SUPPLIED DATA
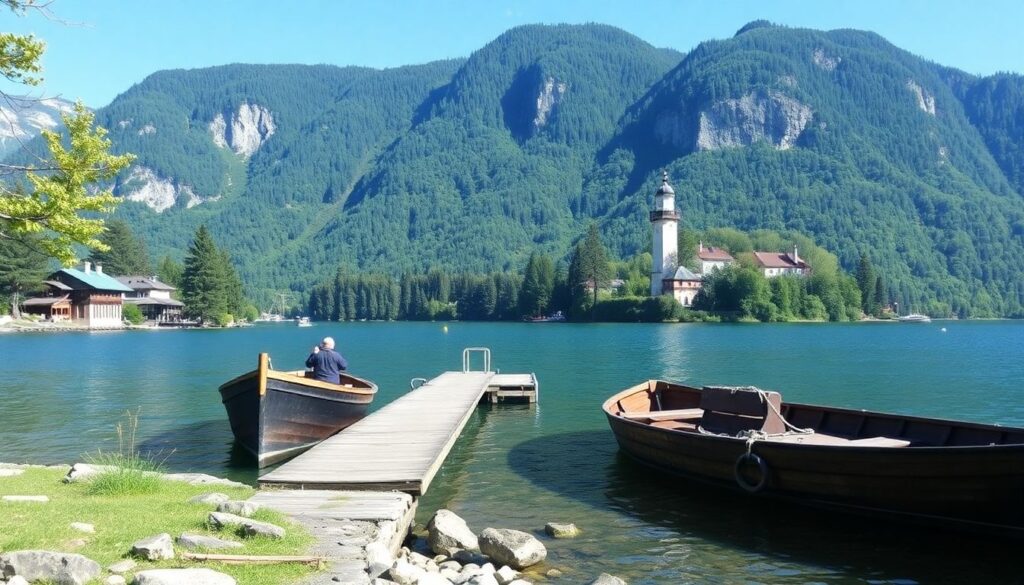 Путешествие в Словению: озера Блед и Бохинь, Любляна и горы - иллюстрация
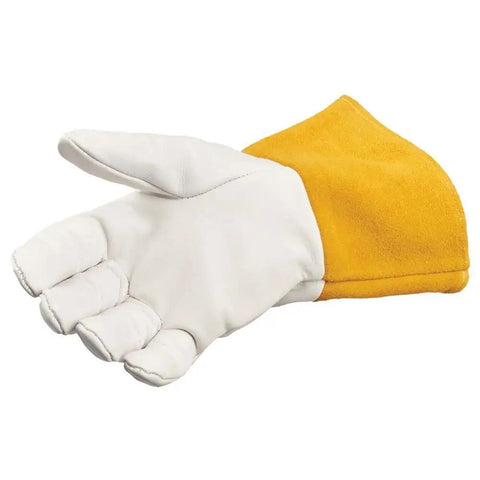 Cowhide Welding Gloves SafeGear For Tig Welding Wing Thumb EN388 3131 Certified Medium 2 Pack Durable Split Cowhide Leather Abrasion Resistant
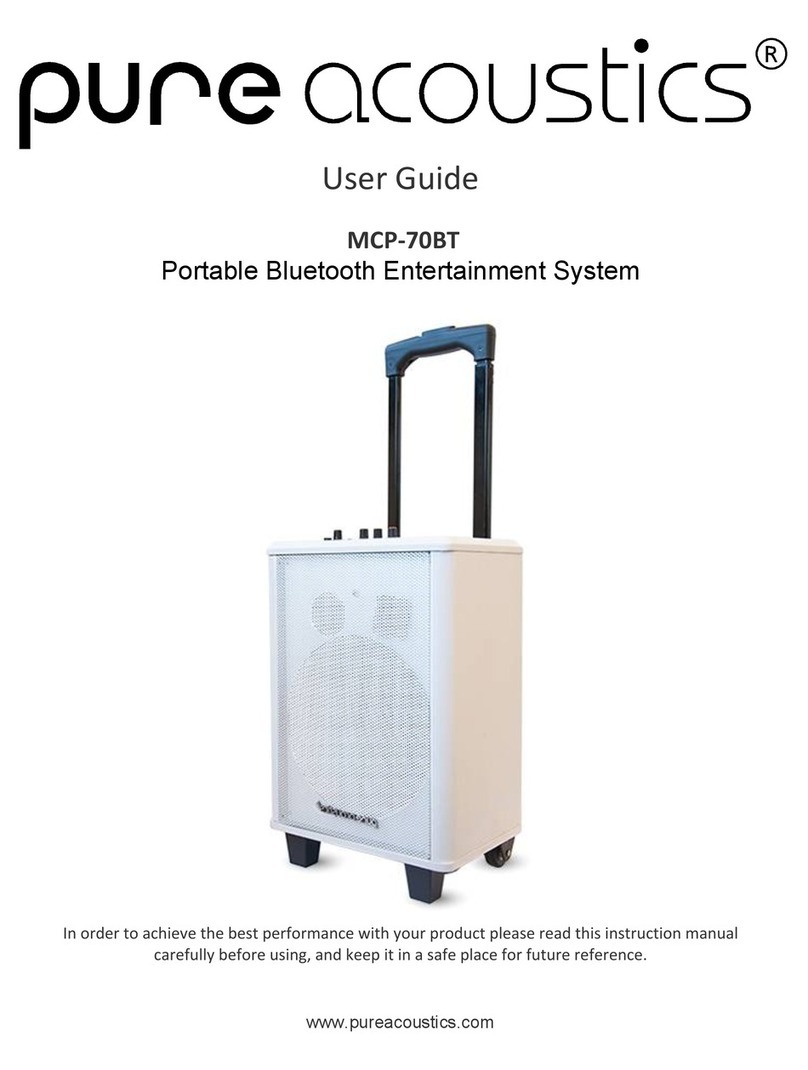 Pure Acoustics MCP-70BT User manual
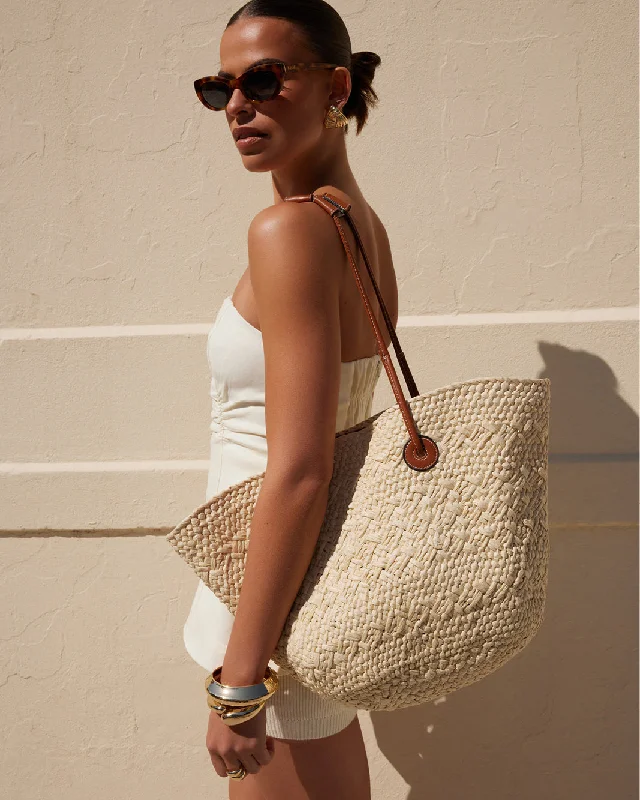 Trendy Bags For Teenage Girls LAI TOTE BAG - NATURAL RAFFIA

WHAT THIS TASK INVOLVES
Give the data above back unchanged, except for the pictures.

THE COMPLETED TASK
 Путешествие в Словению: озера Блед и Бохинь, Любляна и горы - иллюстрация
 Cowhide Welding Gloves SafeGear For Tig Welding Wing Thumb EN388 3131 Certified Medium 2 Pack Durable Split Cowhide Leather Abrasion Resistant
 Pure Acoustics MCP-70BT User manual
 Trendy Bags For Teenage Girls LAI TOTE BAG - NATURAL RAFFIA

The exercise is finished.